Exercise: Copy the data that appears below exactly. Drop the pictures.

--------------------

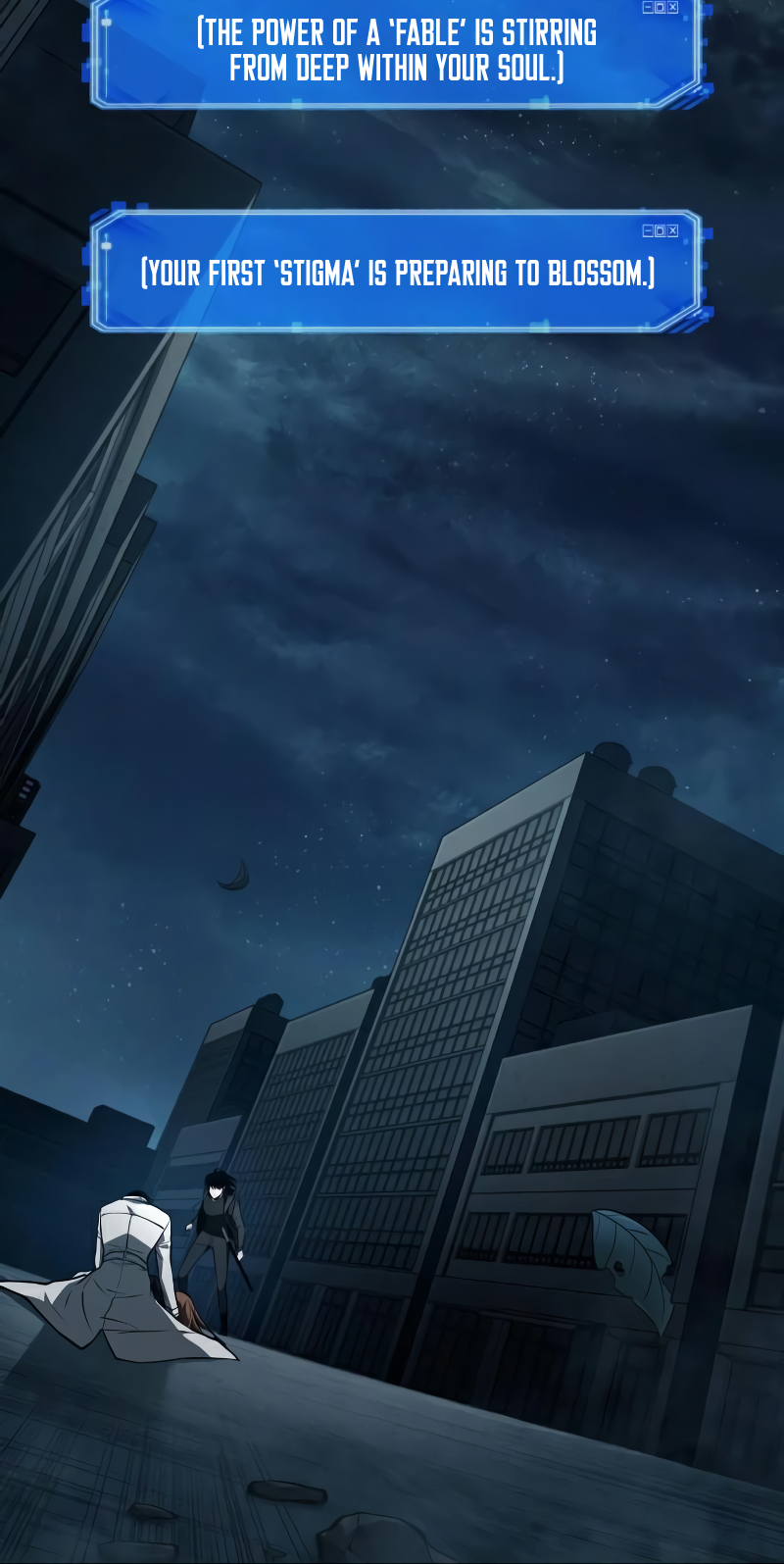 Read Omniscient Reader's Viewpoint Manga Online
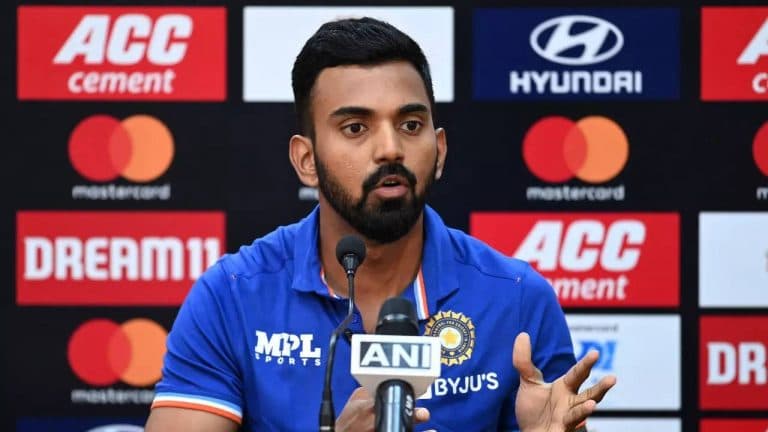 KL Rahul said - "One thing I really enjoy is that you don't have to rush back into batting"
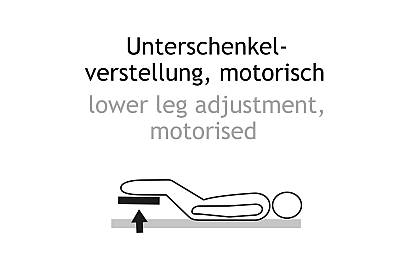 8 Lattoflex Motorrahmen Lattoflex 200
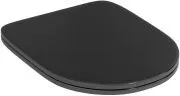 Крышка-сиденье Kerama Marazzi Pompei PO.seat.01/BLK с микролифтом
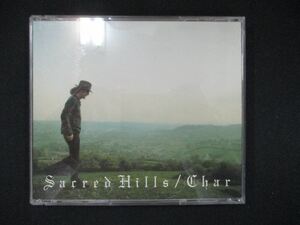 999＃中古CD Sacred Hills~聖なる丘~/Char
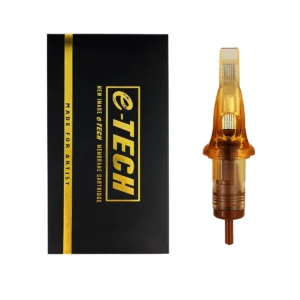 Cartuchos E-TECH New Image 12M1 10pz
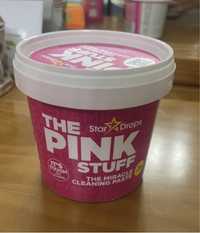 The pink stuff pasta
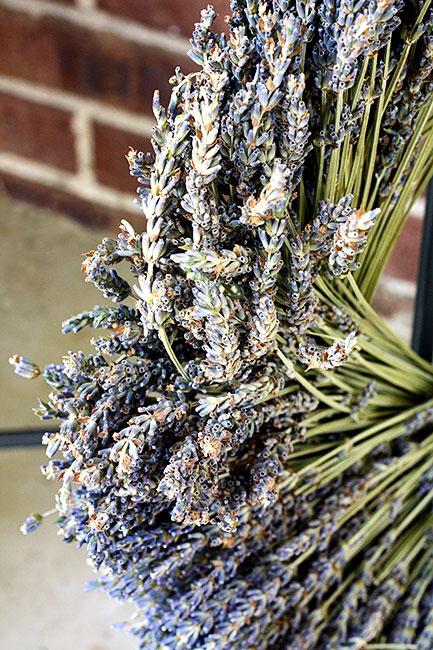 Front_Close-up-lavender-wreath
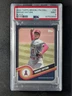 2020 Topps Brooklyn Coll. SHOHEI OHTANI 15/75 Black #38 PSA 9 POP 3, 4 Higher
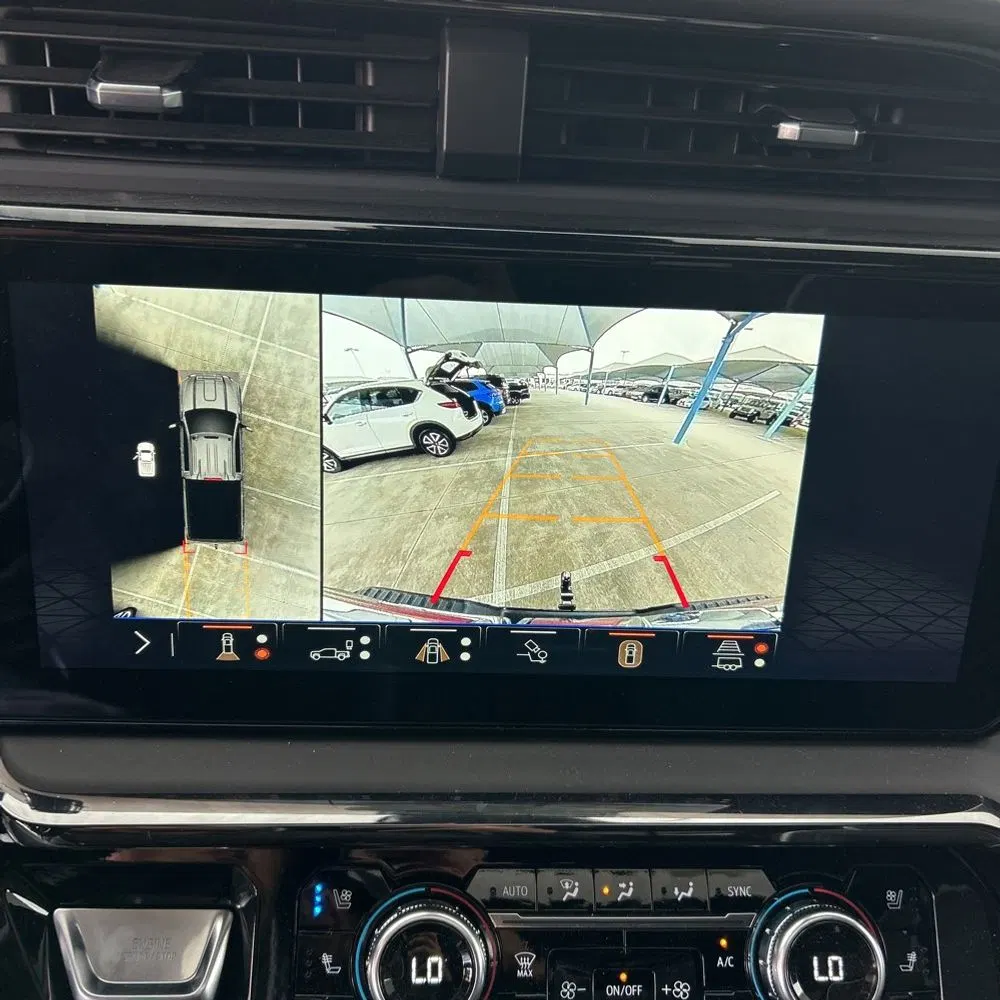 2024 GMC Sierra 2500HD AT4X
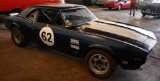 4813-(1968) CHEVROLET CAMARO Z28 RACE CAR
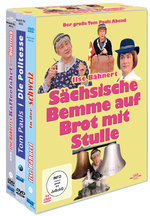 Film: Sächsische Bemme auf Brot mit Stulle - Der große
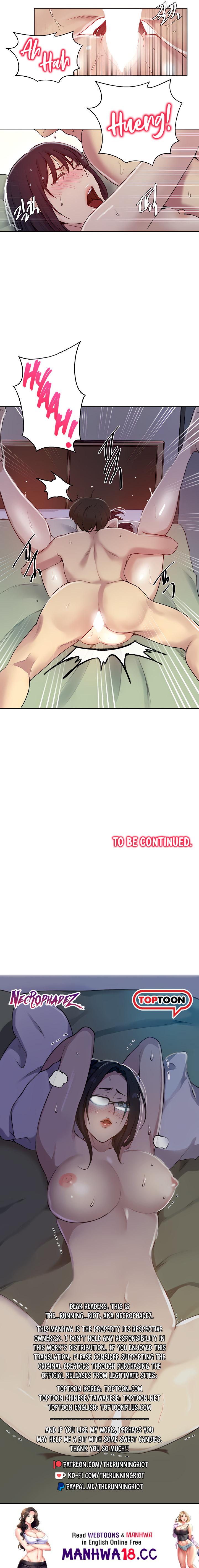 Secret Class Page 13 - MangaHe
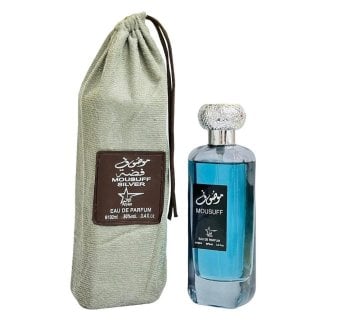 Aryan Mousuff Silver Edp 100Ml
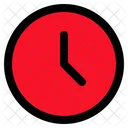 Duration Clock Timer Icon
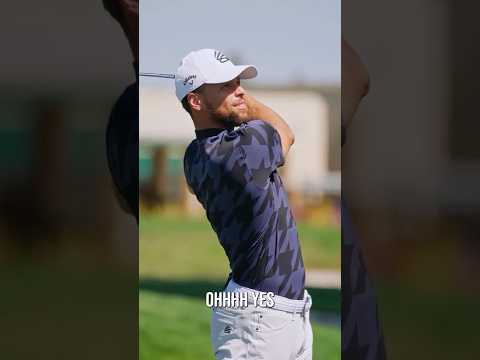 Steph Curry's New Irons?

--------------------

Completed exercise:
 Read Omniscient Reader's Viewpoint Manga Online
 KL Rahul said - "One thing I really enjoy is that you don't have to rush back into batting"
 8 Lattoflex Motorrahmen Lattoflex 200
 Крышка-сиденье Kerama Marazzi Pompei PO.seat.01/BLK с микролифтом
 999＃中古CD Sacred Hills~聖なる丘~/Char
 Cartuchos E-TECH New Image 12M1 10pz
 The pink stuff pasta
 Front_Close-up-lavender-wreath
 2020 Topps Brooklyn Coll. SHOHEI OHTANI 15/75 Black #38 PSA 9 POP 3, 4 Higher
 2024 GMC Sierra 2500HD AT4X
 4813-(1968) CHEVROLET CAMARO Z28 RACE CAR
 Film: Sächsische Bemme auf Brot mit Stulle - Der große
 Secret Class Page 13 - MangaHe
 Aryan Mousuff Silver Edp 100Ml
 Duration Clock Timer Icon
 Steph Curry's New Irons?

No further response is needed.